RECORDS FOR THIS TASK:
■ ■ ■
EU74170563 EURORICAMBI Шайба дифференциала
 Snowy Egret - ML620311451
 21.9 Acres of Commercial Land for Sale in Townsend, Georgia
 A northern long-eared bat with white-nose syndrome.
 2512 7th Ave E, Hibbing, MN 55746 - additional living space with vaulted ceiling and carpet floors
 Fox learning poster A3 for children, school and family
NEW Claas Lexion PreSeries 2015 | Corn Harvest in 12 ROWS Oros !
■ ■ ■
WHAT THE TASK REQUIRES:
Set down each record above without changing a single word.

ANSWER BOX:
EU74170563 EURORICAMBI Шайба дифференциала
 Snowy Egret - ML620311451
 21.9 Acres of Commercial Land for Sale in Townsend, Georgia
 A northern long-eared bat with white-nose syndrome.
 2512 7th Ave E, Hibbing, MN 55746 - additional living space with vaulted ceiling and carpet floors
 Fox learning poster A3 for children, school and family
NEW Claas Lexion PreSeries 2015 | Corn Harvest in 12 ROWS Oros !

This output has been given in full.